Em Kong: a Ilha da Caveira, a ilha é procurada pelo projeto Monarca, que estuda e monitora os Titãs(a maneira ocidental de se chamar os kaijus). Não há o romance platônico do gorila pela moça, que nesta versão se apresenta como uma fotógrafa correspondente de guerra. A citação aos Grandes Antigos, de H.P. Lovecraft é breve, e não por acaso, Kong luta com um polvo gigante.

O universo de Kong; A Ilha da Caveira já vem sendo trabalhado em quadrinhos pela Boom Studios, com o traço do brasileiro Carlos Magno. A editora também assina o título de Planeta dos Macacos e já rolou até um crossover entre eles, no estilo Gulliver. Godzilla, por sua vez, é muito bem representado nas HQs pela IDW, que também assina as Tartarugas Ninjas

Em todos os seus filmes, o macacão (macaco não, símio) encara um réptil gigante. No filme de 1933 é um tiranossauro. Claro, por que não? Tiranossauro é maneiro* (*"legal" em carioquês) e é o grande vilão em qualquer ficção envolvendo dinossauros. O filme de 1976 tenta tornar a coisa mais "realista". A explicação para a névoa em torno da ilha é sua respiração. Se Kong é um gorila super desenvolvido, aquela é uma ilha de animais gigantes, não de animais pré-históricos. Assim, em vez de um tiranossauro, Kong enfrenta uma serpente gigante.
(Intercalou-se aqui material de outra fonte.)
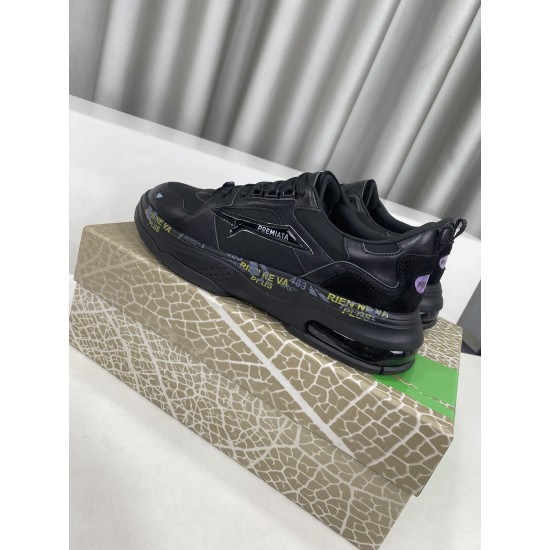 PREMIATA Shoes Collection Best Quality
Men 38-45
Em 2005, quase trinta anos depois, o que era cafona passou a ser considerado antológico e o filme de Peter Jackson nos traz novamente a batalha não contra um, mas TRÊS tiranossauros. A fauna da ilha é tanto pré-histórica quanto super desenvolvida. Em 2017, Kong: A Ilha da Caveira nos mostra um ecossistema ainda mais vasto, com a presença dos intraterrenos Skullcrawlers e a atmosfera jungle fantasy presente nos quadrinhos. A presença dos intraterrenos já canta a pedra para a Terra oca que será apresentada no filme seguinte.

Daí começa a Jornada do Herói de Kong, que terá Godzilla como seu Dragão. Durante todo o filme, é Kong que tem as dificuldades expostas à sua frente, sendo Godzilla apenas uma delas. O primeiro encontro dos dois se dá de forma inusitada para Kong: na água. Tiamat era a Deusa Dragão do Caos e das Trevas na Babilônia. O Dragão é frequentemente associado com a água e com a figura feminina e me pergunto se Godzilla não seria uma fêmea. 


Kong encontra a Pedra Filosofal


Kong, como todo bom São Jorge, precisa de uma espada ou qualquer coisa que lhe sirva de arma contra seu dragão particular. Sim, porque Kong já enfrentou tiranossauro, serpente gigante e até intraterreno, mas não dragão! Kong terá que descer às profundezas da Terra para encontrar a Pedra Oculta, representada pela machadinha feita de algum cristal desconhecido. 

A trama é fundamentada no acróstico V.I.T.R.I.O.L., Visita Interiora Terrae, Rectificando, Invenies Occultum Lapidem que significa Visita o Centro da Terra, Retificando-te, encontrarás a Pedra Oculta (a Pedra Filosofal). A máxima é criação do monge beneditino Basile Valentin e simboliza o caminho a ser trilhado pelos adeptos da Maçonaria, Rosa-Cruz, ordens templárias, thelêmicas ou quaisquer que trabalhem o hermetismo em geral.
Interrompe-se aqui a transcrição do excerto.